Hoof some -- glass for longer than you "hoofed" -- when you think you've glassed long enough, glass some more.


----------



## DevilDog09 (Oct 4, 2016)

I can’t get away from the elk! I have the Wasatch west deer tag and can’t find a single buck, but elk is a different story! Hunting all around strawberry and Probably seen over 50 elk since Saturday, all within 100 yds. 3 nice bulls, 4-5 spike, and the rest cows. Tell me where the bucks are and I’ll tell you where the elk are haha


----------



## Lone_Hunter (Oct 25, 2017)

DevilDog09 said:


> I can't get away from the elk! I have the Wasatch west deer tag and can't find a single buck, but elk is a different story! Hunting all around strawberry and Probably seen over 50 elk since Saturday, all within 100 yds. 3 nice bulls, 4-5 spike, and the rest cows. Tell me where the bucks are and I'll tell you where the elk are haha


That's how it works. When your looking for deer, you'll see plenty of Elk, and when your looking for Elk, you'll see deer.
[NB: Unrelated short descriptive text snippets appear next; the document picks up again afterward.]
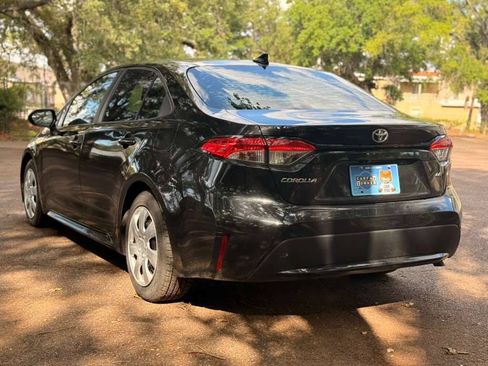 Used 2021 Toyota Corolla LE FWD image 5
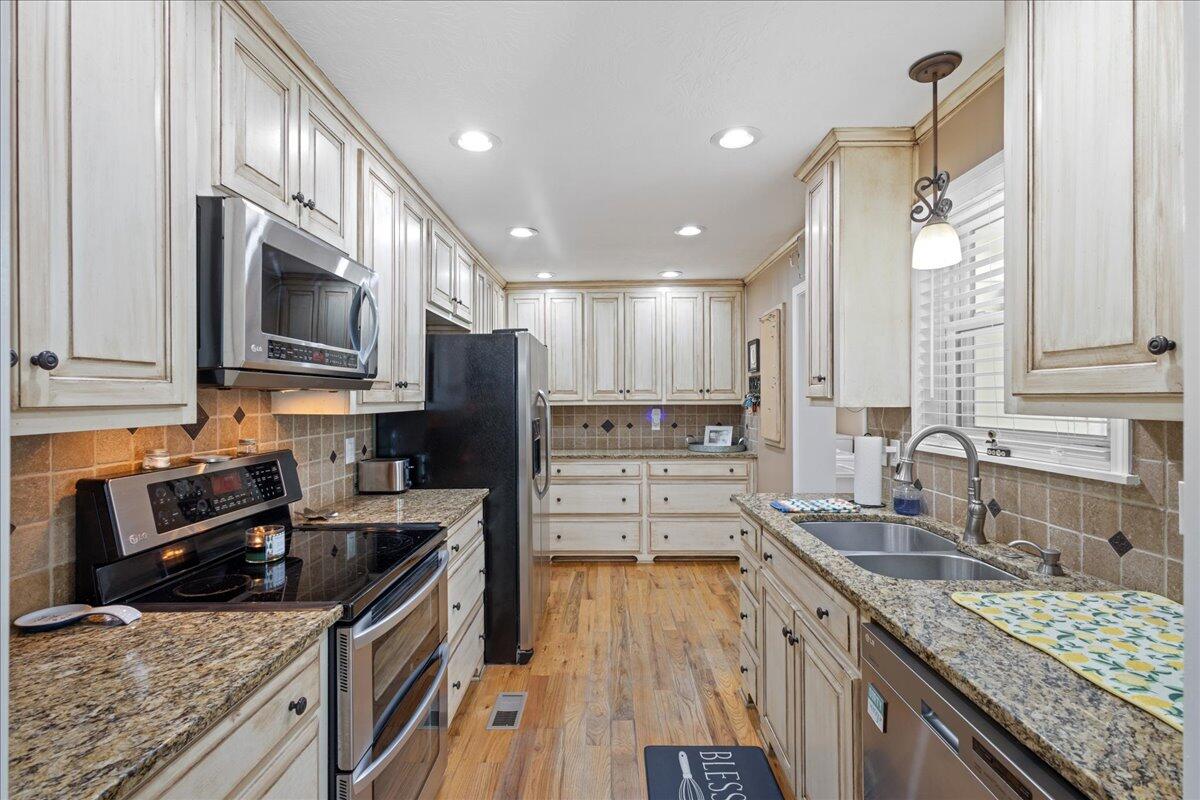 6530 ROBERTS Drive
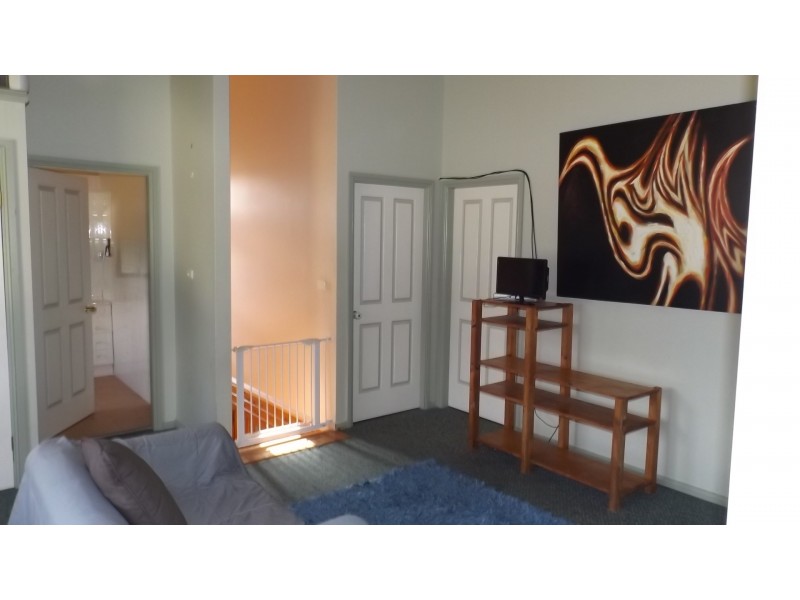 11 Mahonga Street, Tahmoor NSW 2573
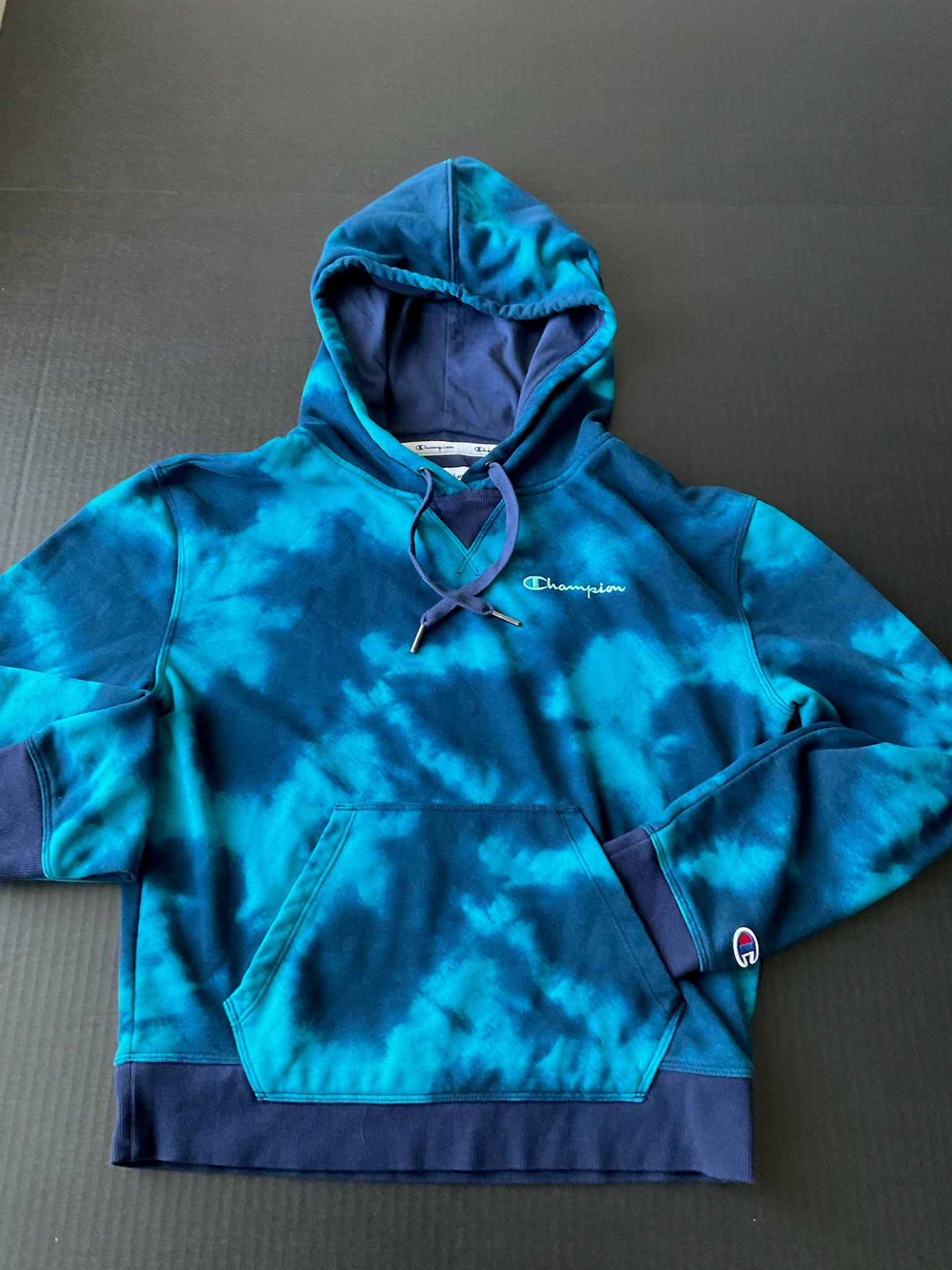 Champion Women's Long Sleeve Hoodie in Turquoise Blue Tie Die Size Small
Between scouting for and hunting the entire deer muzzy season, I saw PLENTY of elk, and only a couple bucks.


----------



## MadHunter (Nov 17, 2009)

DevilDog09 said:


> I can't get away from the elk! I have the Wasatch west deer tag and can't find a single buck, but elk is a different story! Hunting all around strawberry and Probably seen over 50 elk since Saturday, all within 100 yds. 3 nice bulls, 4-5 spike, and the rest cows. Tell me where the bucks are and I'll tell you where the elk are haha


The deer are on the Wasatch East unit because you have the west tag. :grin:


----------